▶ [Activity]: Every line from the one with "6000 Sean Paul Ln — Photo 2" through the final line of the data below goes in the answer, copied exactly. Pictures do not.

Image-text web data

★ ★ ★ ★ ★

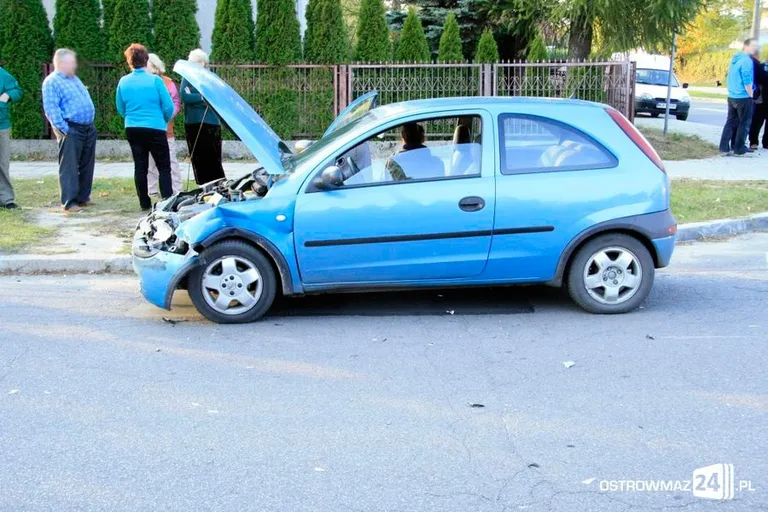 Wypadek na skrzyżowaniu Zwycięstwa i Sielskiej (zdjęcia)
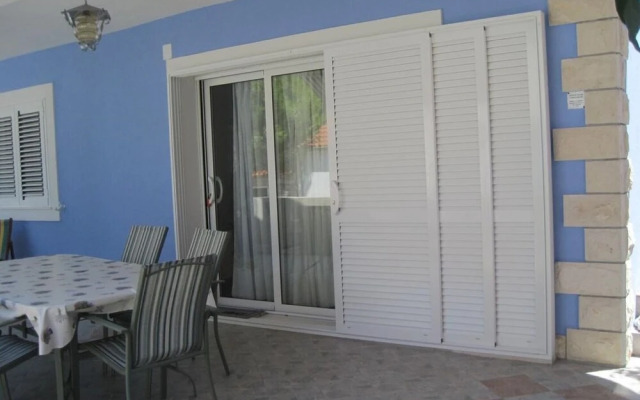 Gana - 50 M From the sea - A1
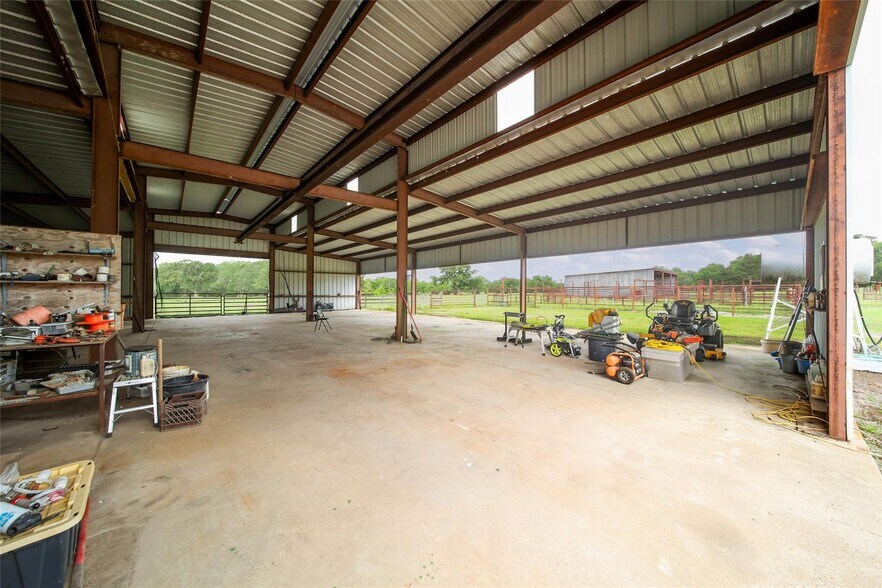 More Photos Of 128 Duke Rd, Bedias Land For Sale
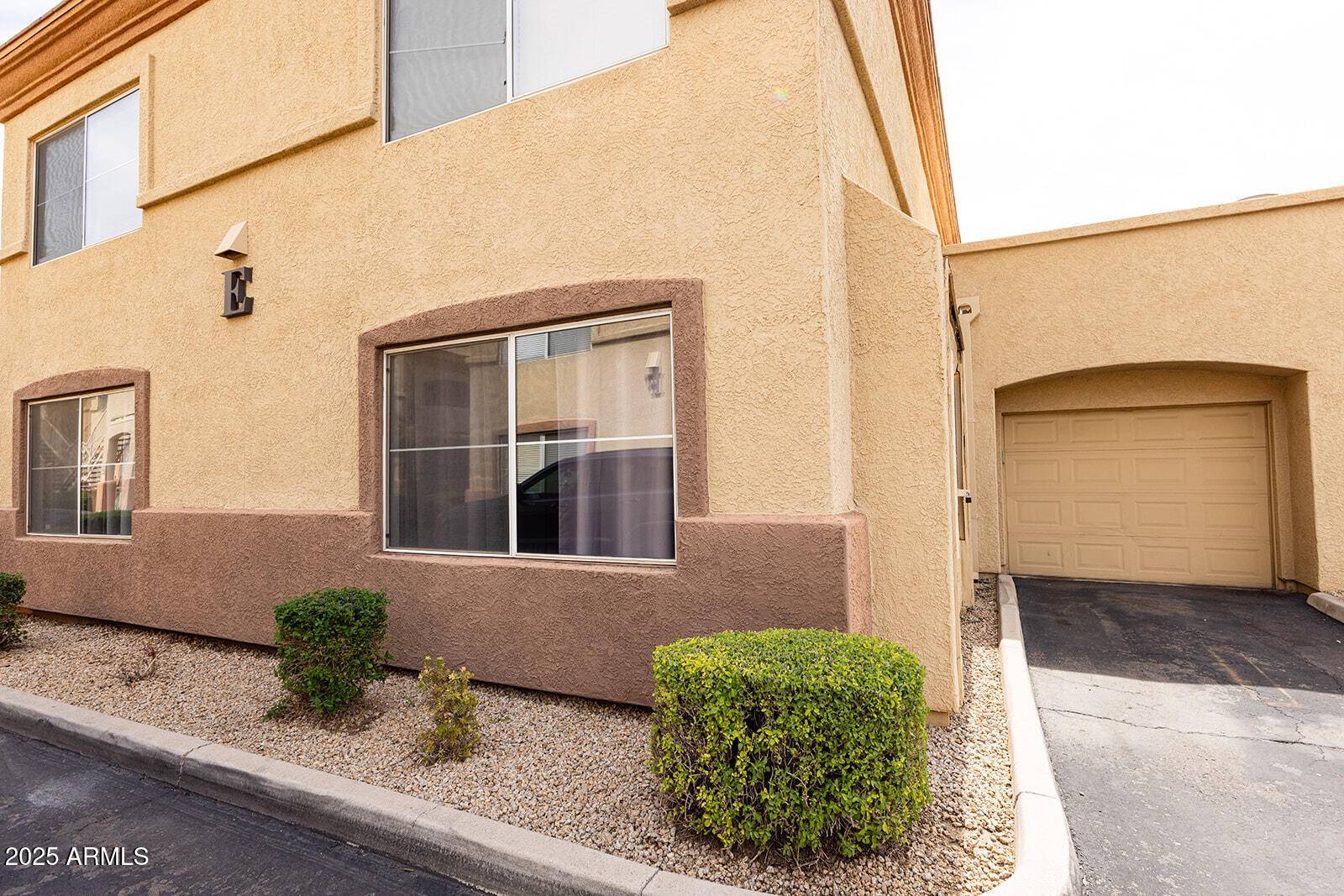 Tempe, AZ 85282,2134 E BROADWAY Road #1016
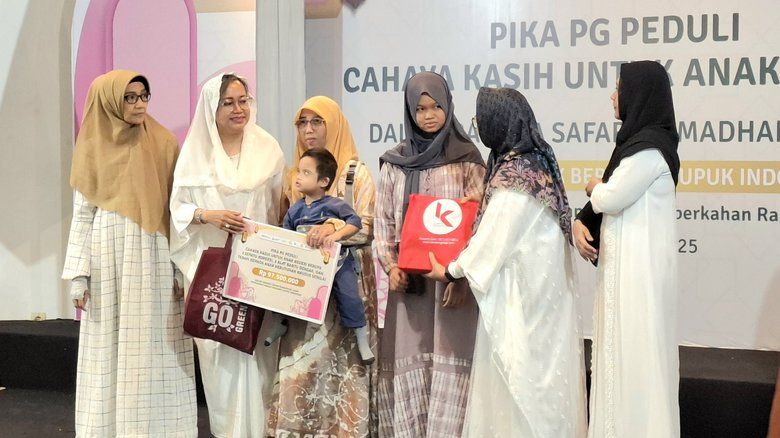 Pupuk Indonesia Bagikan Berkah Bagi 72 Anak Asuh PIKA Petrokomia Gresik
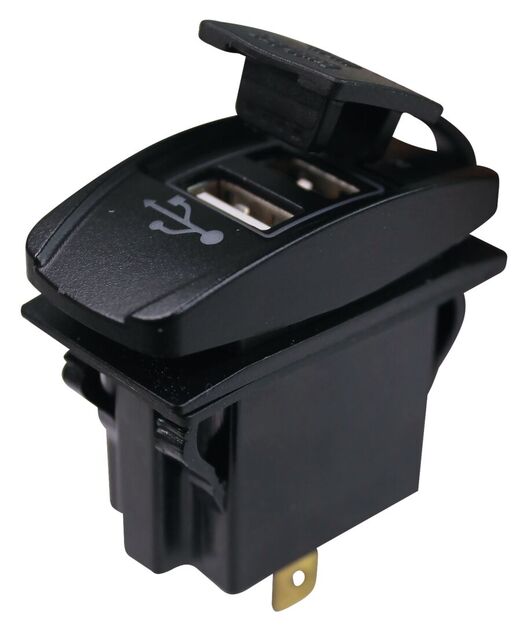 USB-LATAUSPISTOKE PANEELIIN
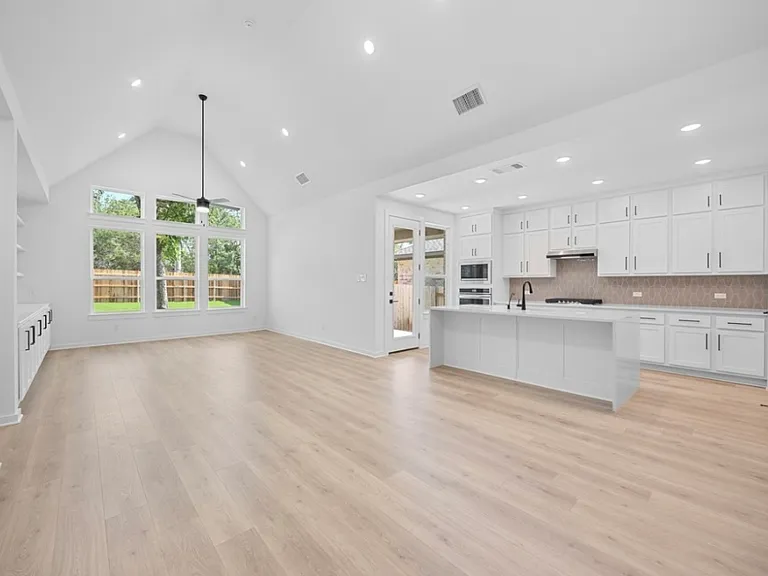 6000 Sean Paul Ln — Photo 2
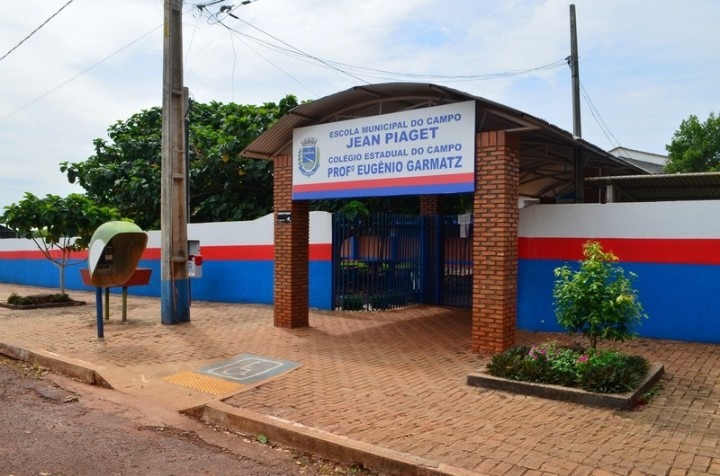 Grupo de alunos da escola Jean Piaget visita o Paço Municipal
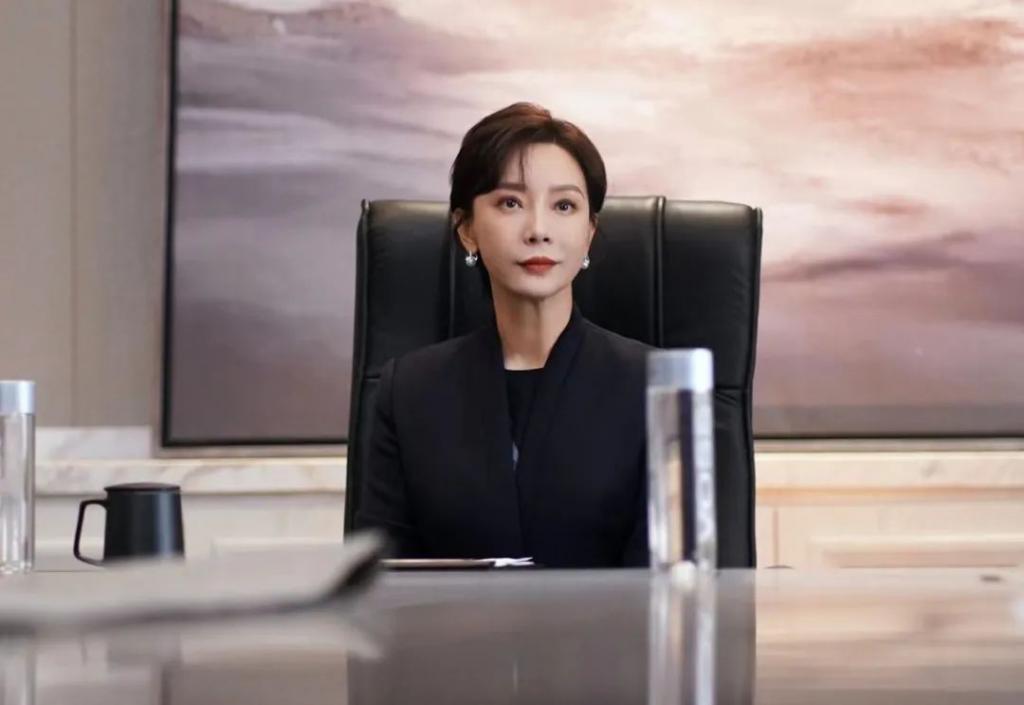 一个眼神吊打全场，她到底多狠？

★ ★ ★ ★ ★

▶ [Problem solution]:
 6000 Sean Paul Ln — Photo 2
 Grupo de alunos da escola Jean Piaget visita o Paço Municipal
 一个眼神吊打全场，她到底多狠？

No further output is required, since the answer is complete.